As relações entre essa direita que se diz progressista (psdb) e a direita raivosa(DEM, Opus Dei, herdeiros da TFP, etc) são assim colocadas num plano histórico onde fica evidente que não são relações estranhas: liberais sempre contaram com o apoio dos fascistas e os fascistas sempre contaram com o apoio dos liberais, desde que fosse conveniente para enfrentar aquilo que eles consideram o verdadeiro perigo, que é a ameaça aos seus interesses e a ameaça, em última instância, à propriedade privada. De braços dados eles caminham juntos, corrompem juntos, matam juntos – se for preciso.

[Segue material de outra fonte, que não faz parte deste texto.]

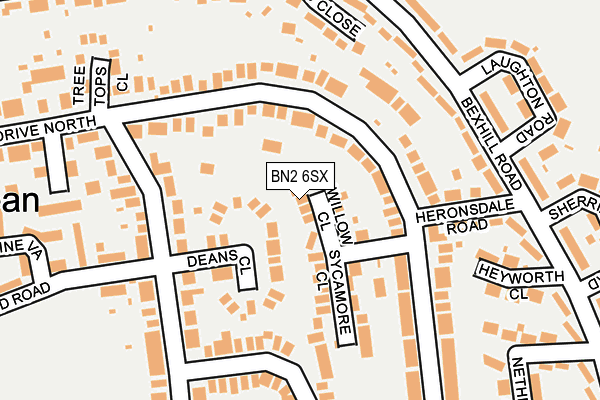 BN2 6SX map - OS OpenMap – Local (Ordnance Survey)
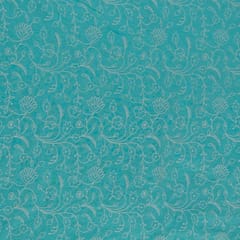 Sea Green Color Cotton Thread Lakhnavi Embroidered Fabric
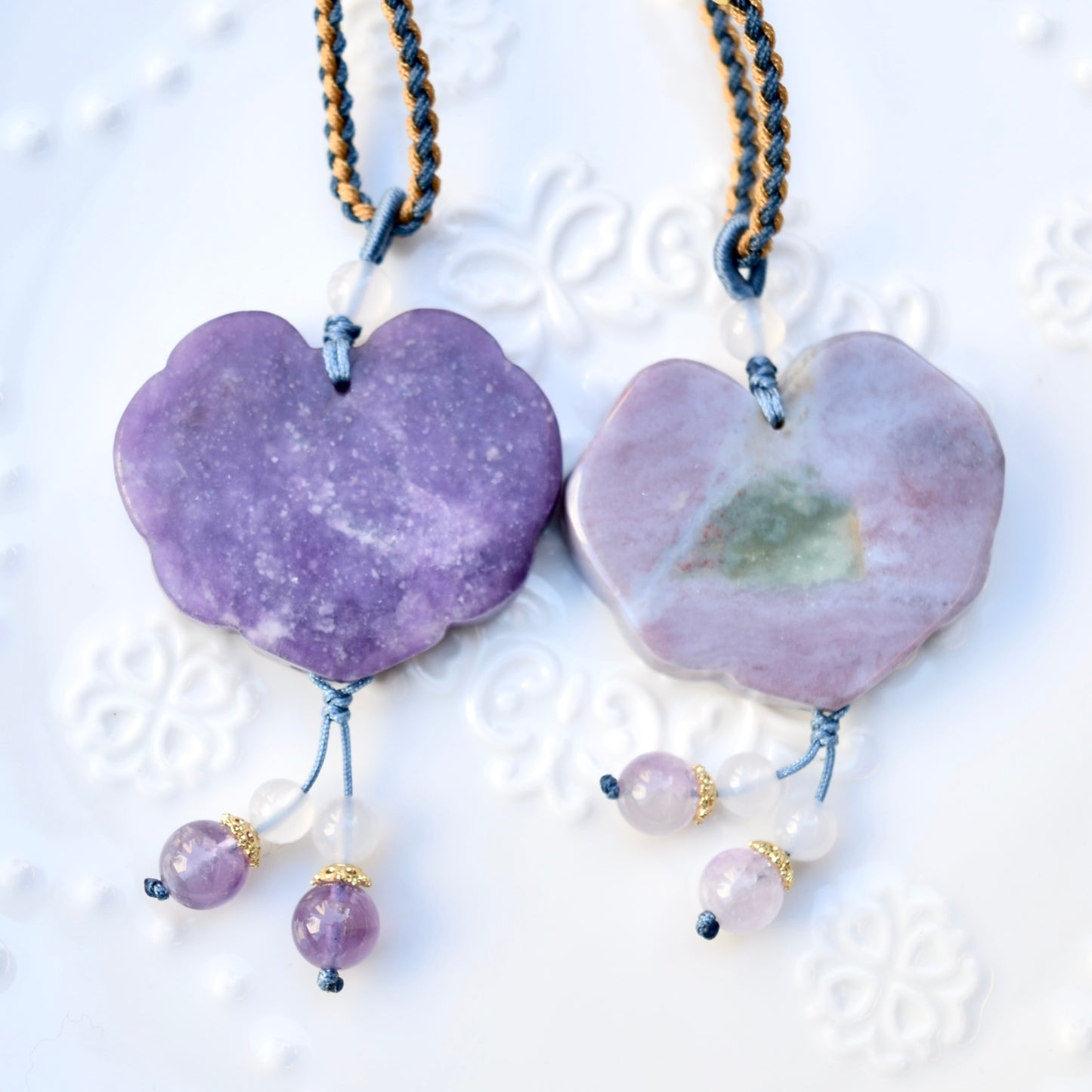 Purple Flora Lock Pendant Rope Necklace - Ocean Jasper Quartz Jade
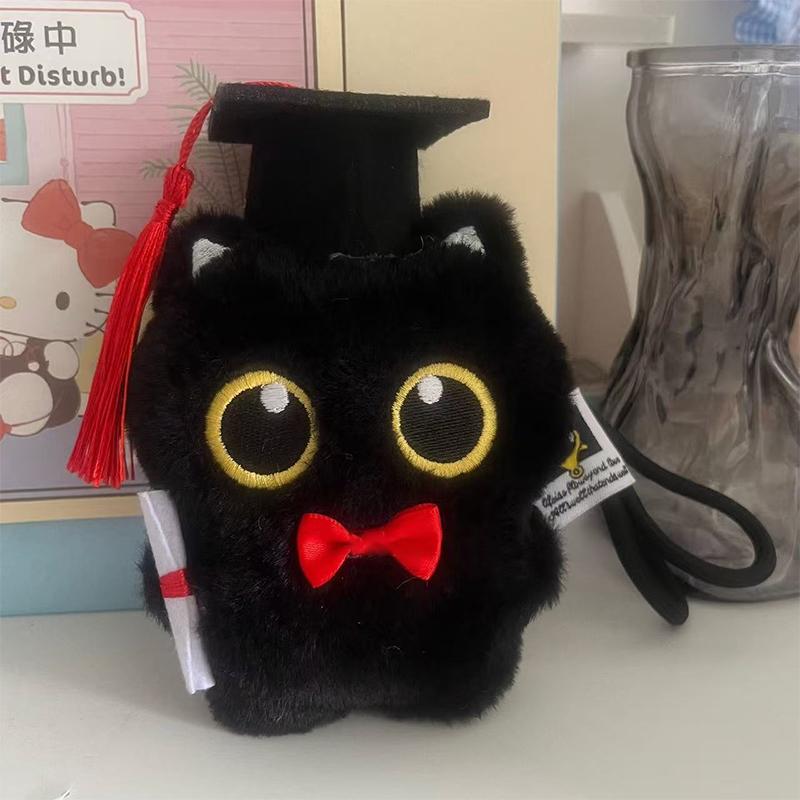 Cute Cartoon Black Cat Keychain Bag Pendant Backpack Hanging Ornaments Lovely Small Cat Doll Animal Car Keyring Kids Gift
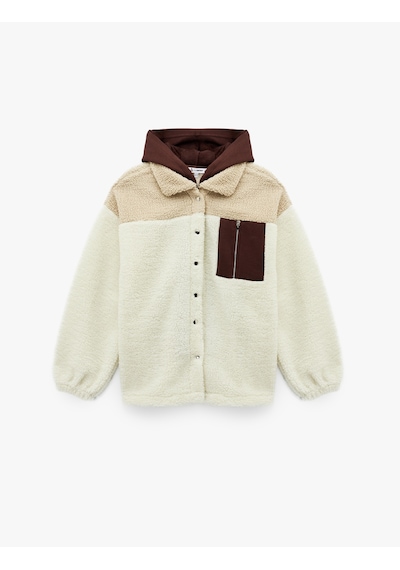 Koton Kapüşonlu Renk Bloklu Cep Detaylı Çıtçıt Düğmeli Oversize Peluş Ceket Ekru 6wal10124ık Koton Kapüşonlu Renk Bloklu Cep Detaylı Çıtçıt Düğmeli Oversize Peluş Ceket Ekru 6wal10124ık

A ordem e a legitimidade só são interessantes quando vão de encontro aos interesses deles. Por isso que, quando numa eleição democrática é eleito um candidato progressista à esquerda, “eles” começam a descaracterizar a democracia, dizendo que o povo não sabe votar e em último caso, recorrem à força bruta, como quando do golpe de 64, onde a democracia foi derrubada em nome – pasmem- da democracia.
Por isso temos de ficar atentos a essas relações perigosas, porque há um risco evidente ao projeto progressista em curso – representado pelo Governo Lula, pela ameaça da direita que se articula em torno da candidatura de José Serra; essa direita é a escória da política, a que recorre ao boato, à força bruta, às calúnias, para conseguirem o que querem; uma direita que recorre à Deus, aos santos, a uma mística rebaixada e retrógrada, que fala do inferno e do pecado, mas que não fala da fome e da miséria e não aponta caminhos para libertar o homem, mas sim outros meios de aprisioná-los.
Enfim, é preciso se colocar contra o avanço dessa direita, mesmo que tenhamos críticas à atuação do Governo Lula, afirmando um apoio crítico à Dilma Roussef, somando esforços para que ela vença a eleição, na esperança de que continuemos num projeto de uma sociedade aberta, plural, onde ainda falta muito para avançarmos mas onde, inegavelmente, muito se caminhou para se começar efetivamente uma república, afinal, não há democracia ou república com barrigas vazias.